DHS is made up of disparate agencies and offices, some of them from other Cabinet level agencies, as well as new offices formed when the department was created a little over two years ago. Since then, DHS has gained a reputation inside the government as a slow-moving bureaucracy that moves quicker when news cameras are around.

On several occasions Ridge held news conferences with little or nothing to report about terrorist threat levels. “It seemed like in the past year or so they were doing things to confirm their existence and importance in the culture of Washington,” says a former DHS official. “It is probably a necessary department, but until they get a lot of what they are supposed to be doing right, they shouldn’t be out there tooting their horn. Whoever goes there needs to settle things down.”

That kind of spotlight-stealing attitude was on full display on Tuesday, when Ridge held a press conference to announce his resignation. The press conference was held despite White House requests that no such event take place, particularly since it was scheduled at about the same time the President was holding a press conference in Canada.

Other names mentioned include Bernard Kerik, interim Minister of the Interior for Iraq and former New York City police commissioner, who did yeoman’s work for the Bush campaign during the election cycle. Kerik, like Allbaugh, would present a get-tough attitude for DHS. But Kerik may have his eye on jobs closer to home. Rumor has it that he is eyeing the New Jersey gubernatorial race as an option, although others who know him have said in the past several days he seemed confident that the DHS job was his to lose when Ridge made the leap into the private sector.

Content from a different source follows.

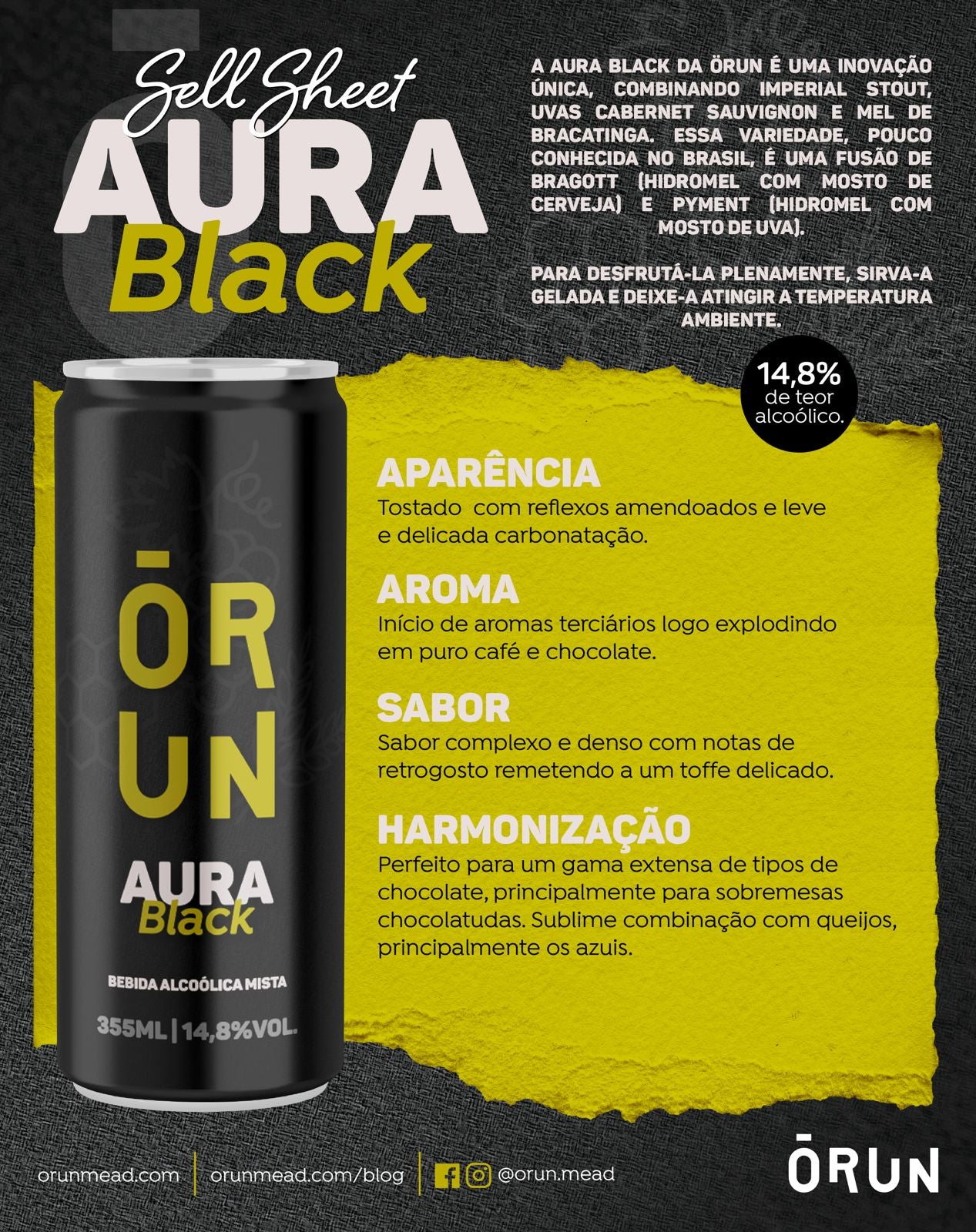 Orun Aura Black hidomel 355 ml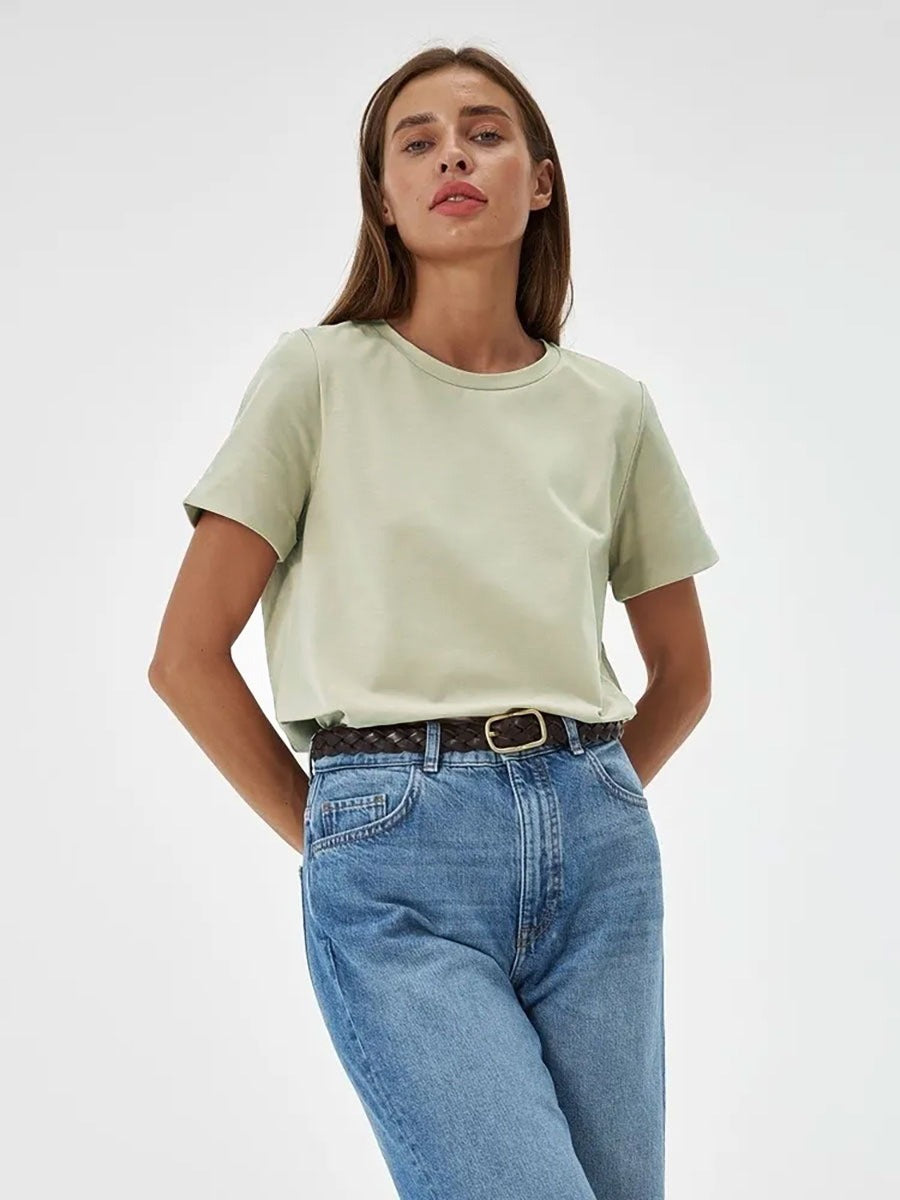 Freizeit-Rundhals-Kurzarm-T-Shirt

WON’T YOU COME HOME, KAY BAILEY…
Look for word to begin leaking out about Sen. Kay Bailey Hutchison‘s political plans in the coming days. Hutchison has almost $7 million in a federal campaign account that can be used to finance a campaign for statewide office in Texas.

There is a growing speculation that Hutchison wants out of the Senate and into the governor’s mansion in Austin.

Current Republican Gov. Rick Perry, who in early 2004 spent extensive time in Washington attempting to raise his political visibility and national fundraising appeal, is expected to run for re-election. Hutchison, though, is popular in the state, and in some quarters more popular than Perry.

Hutchison’s political ambitions already have some on Capitol Hill talking about her as a possible vice presidential contender on a Republican ticket in 2008.

DEM DILEMMA
The Florida state Democratic delegation met in Tallahassee on Monday to try to figure out how best to get back into the political game in the 2006 election cycle, this, after seeing their party fall further behind in both the Florida house and senate in the 2004 elections.

According to one attendee, a small minority in the meeting of about 70 state Democratic officials insisted that the winning strategy was to speak openly about their Democratic values: pro-abortion and pro-labor, for example.

But that idea was quickly shot down by a decision to hire political consultants in the coming weeks to develop and test political and issues positions that play well with Florida independents.

The consultants will be hired at a cost of more than $2 million. “It’s probably money well spent,” says a Republican Florida House member. “Now Democrats can finally find out what they believe in.”